(Image-text web data)
• • • • •

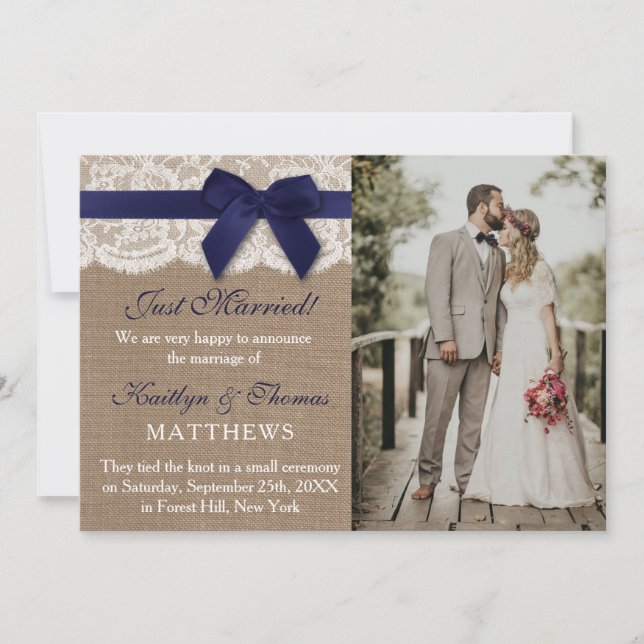 Faire-part Rustic Navy Blue Ribbon Mariage photo mariage (Devant)
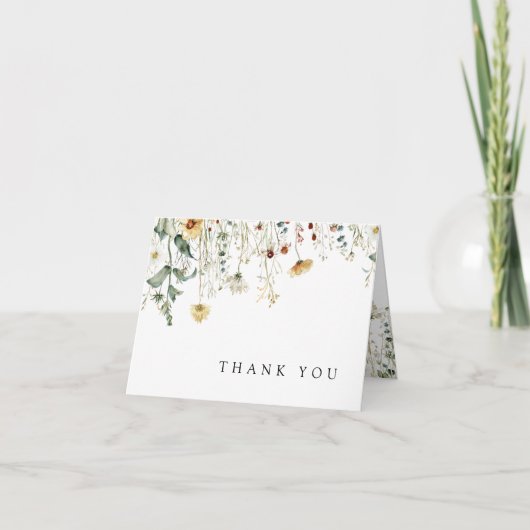 Bruidsbruiloft met wilde bloemen bedankkaart (Voorkant)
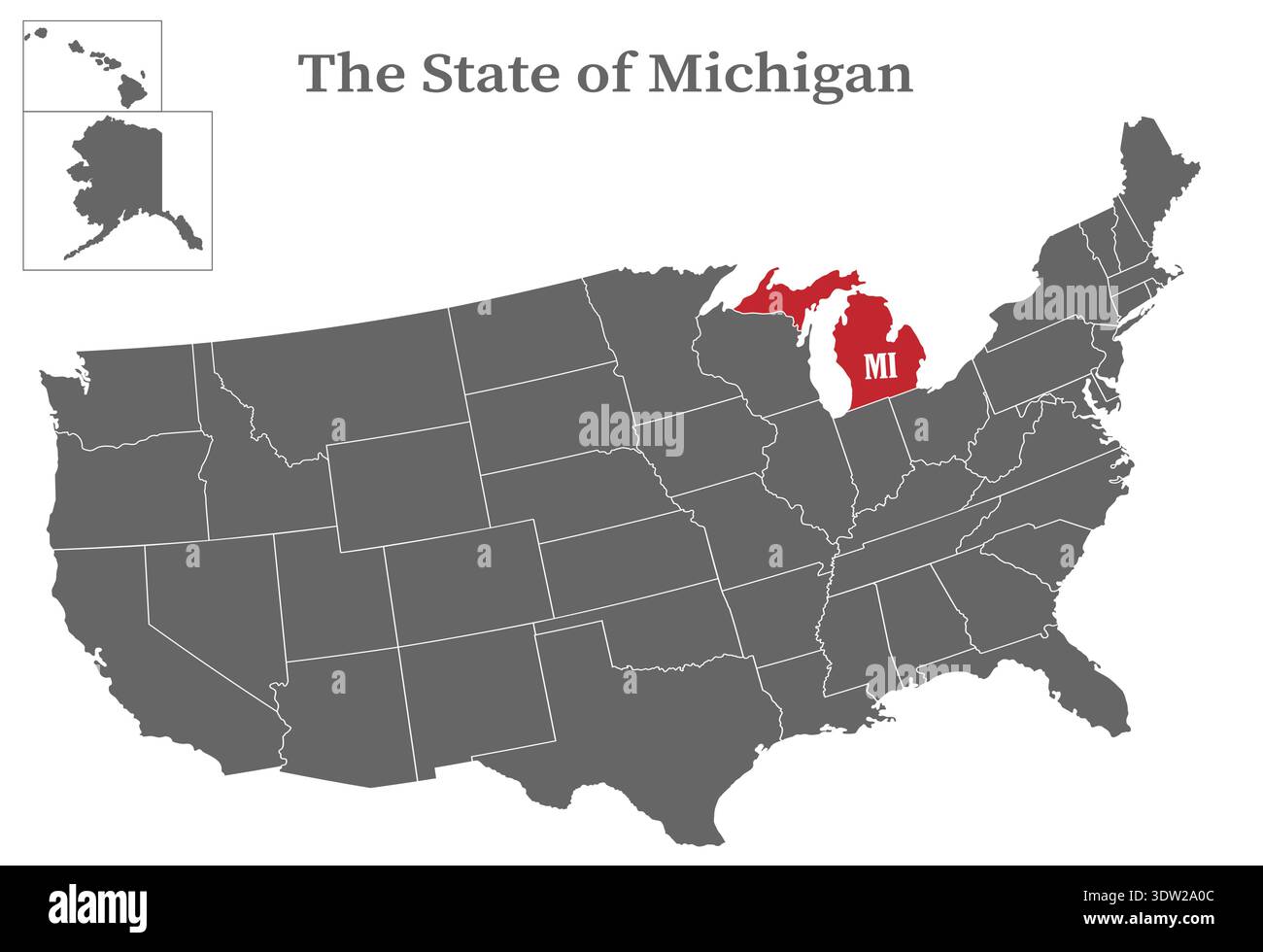 The state of Michigan on the map of the United States of America is ...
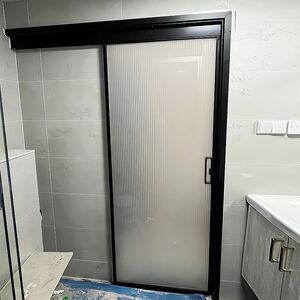 上海定制卫生间窄边单扇吊轨推拉门卧室厨房钛镁合金钢化玻璃移门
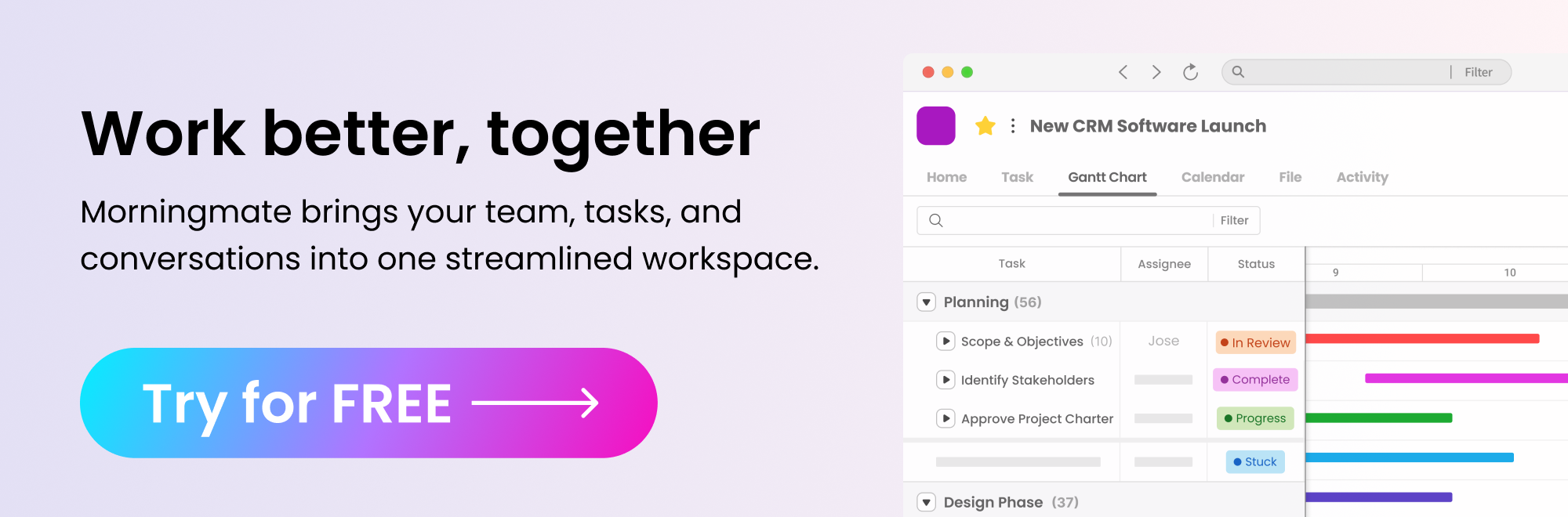 Morningmate brings teams, tasks, chats into one space. Try Morningmate for free today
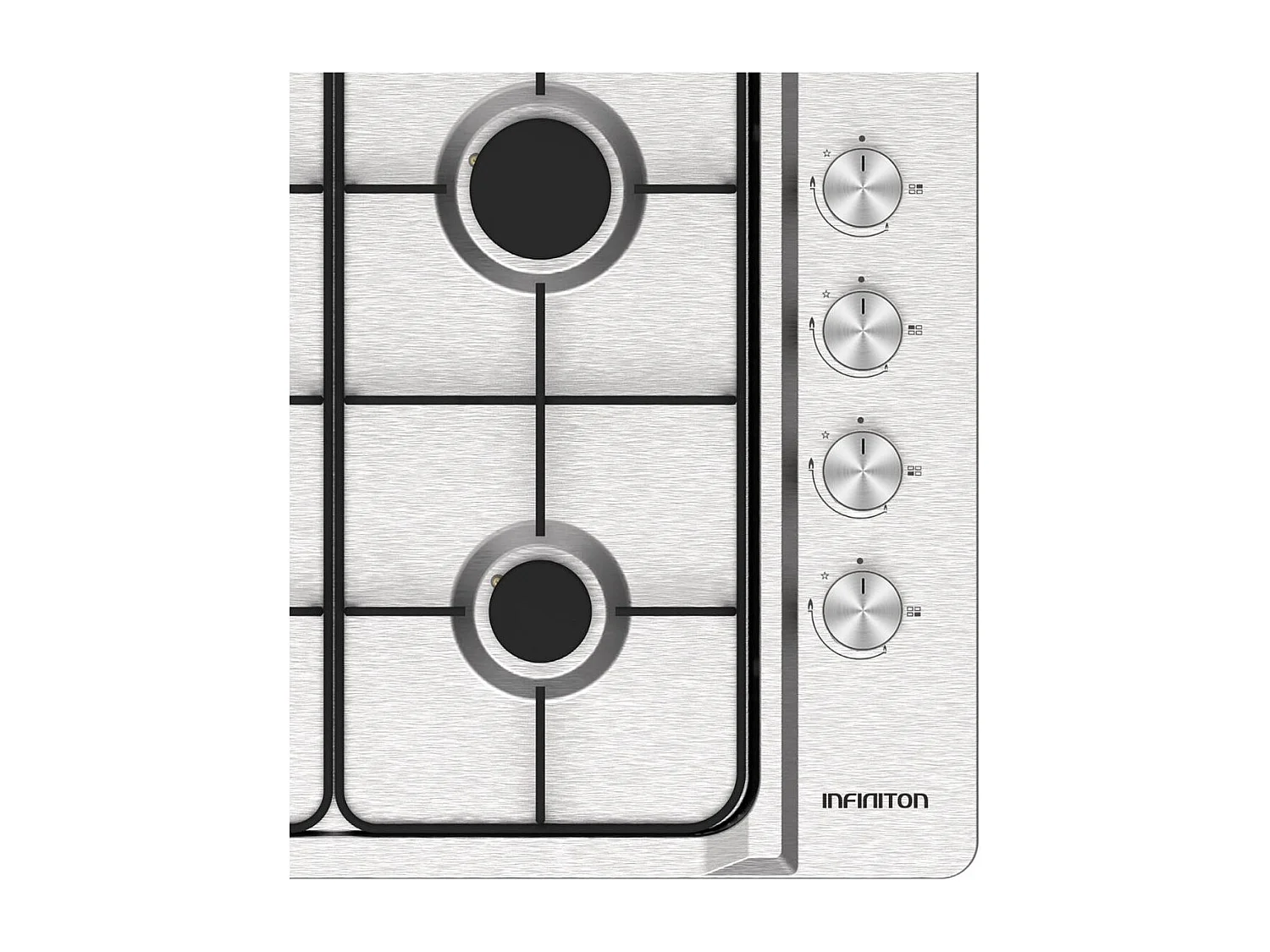 Placa de gas Infiniton GAS4BNAI 4 zonas acero inoxidable 60 cm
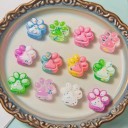 Set mit 10 Silikon-Antistressspielzeugen in Form von Katzenpfoten Bunte Mini-Quetschfiguren für Spaß und Entspannung 3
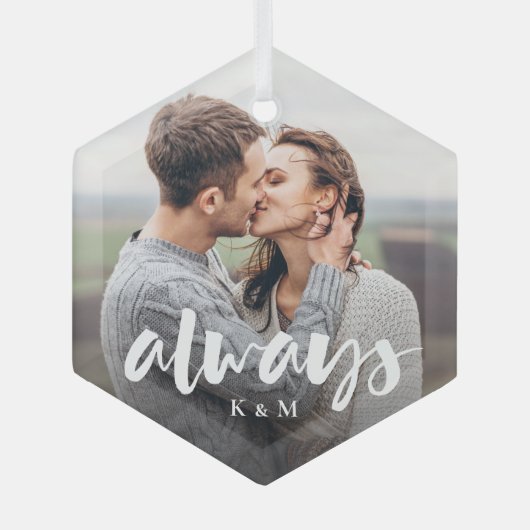 Altijd Persoonlijke paren met Manuscript - Foto Glas Ornament (Voorkant)
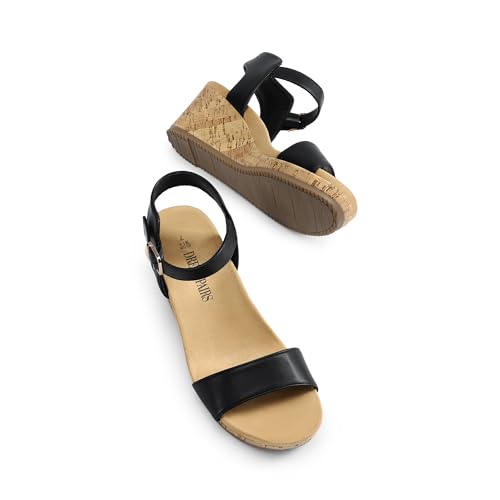Image of DREAM PAIRS Womens Cushioned Platform Wedge Sandals | 3inch dressy cork wedge heel with soft comfort foam insole non-slip outsole adjustable ankle strap for summer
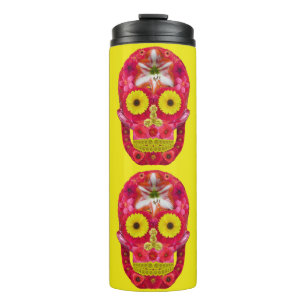 Flower Skull 6 Thermal Tumbler
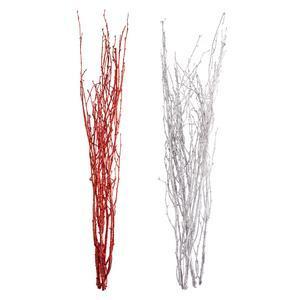 Fagot 5 branches - Bouleau séché - H 90 cm - Rouge ou argenté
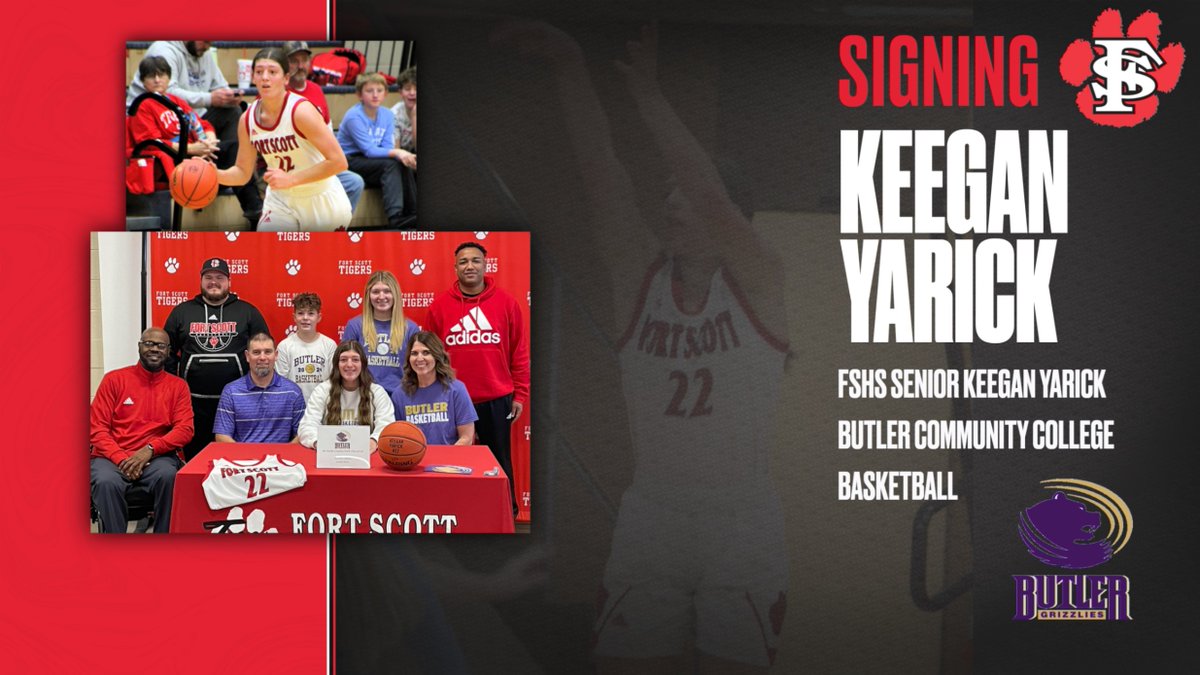 Congratulations to Fort Scott High School Senior Keegan Yarick on signing a National Letter of Intent to play Basketball at Butler Community College in El Dorado next year!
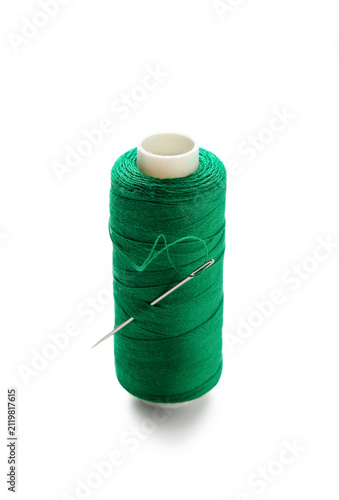 Green sewing thread spool w...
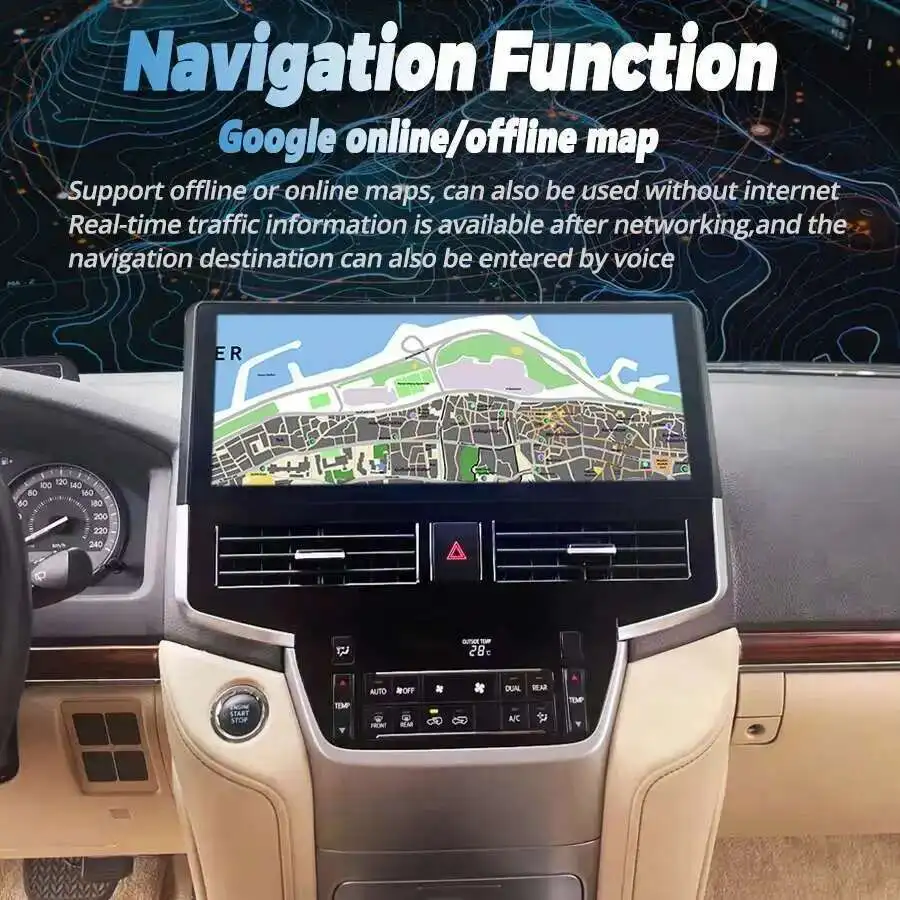 Toyota Land Cruiser 200 LC200 2016 - 2019 자동차 라디오 안드로이드 멀티미디어 GPS 용 12.3 인치/15 인치 네비게이션 CarPlay 플레이어 화면
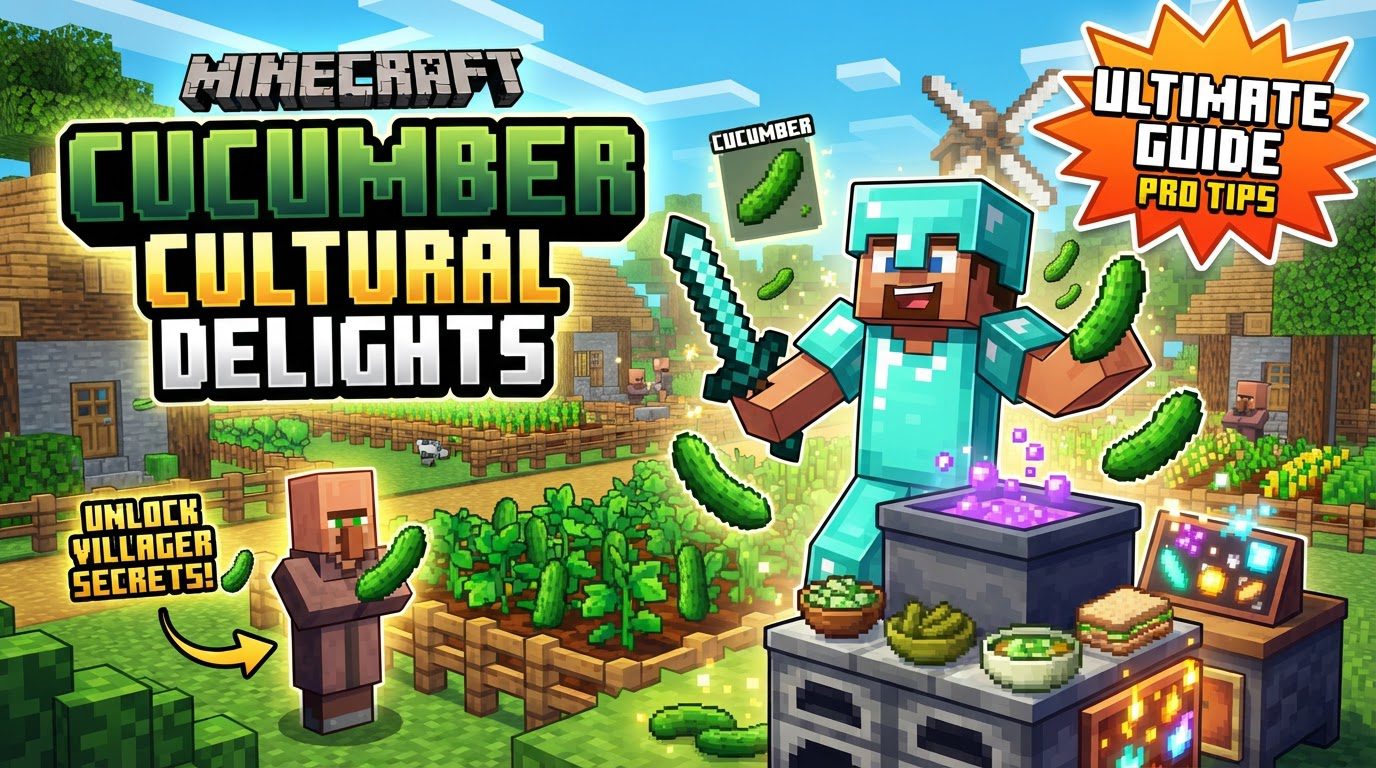 A Minecraft farm scene with various colorful crops, including green cucumber plants, next to a rustic kitchen area with cooking pots and chopping boards.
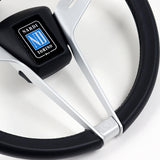 14" Nardi Black Leather 3-Spoke Deep Dish Sport Steering Wheel – 2.5" Deep 6-Bolt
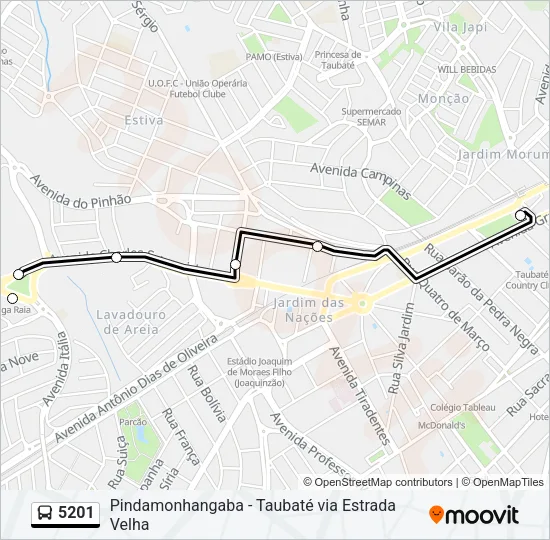 5201 Bus Line Map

• • • • •

→ WHAT NEEDS TO BE DONE
Within the data above, repeat exactly the lines from the one bearing "Image of DREAM" through the one bearing "A Minecraft farm". Include no pictures and nothing else.

→ ANSWER
Image of DREAM PAIRS Womens Cushioned Platform Wedge Sandals | 3inch dressy cork wedge heel with soft comfort foam insole non-slip outsole adjustable ankle strap for summer
 Flower Skull 6 Thermal Tumbler
 Fagot 5 branches - Bouleau séché - H 90 cm - Rouge ou argenté
 Congratulations to Fort Scott High School Senior Keegan Yarick on signing a National Letter of Intent to play Basketball at Butler Community College in El Dorado next year!
 Green sewing thread spool w...
 Toyota Land Cruiser 200 LC200 2016 - 2019 자동차 라디오 안드로이드 멀티미디어 GPS 용 12.3 인치/15 인치 네비게이션 CarPlay 플레이어 화면
 A Minecraft farm scene with various colorful crops, including green cucumber plants, next to a rustic kitchen area with cooking pots and chopping boards.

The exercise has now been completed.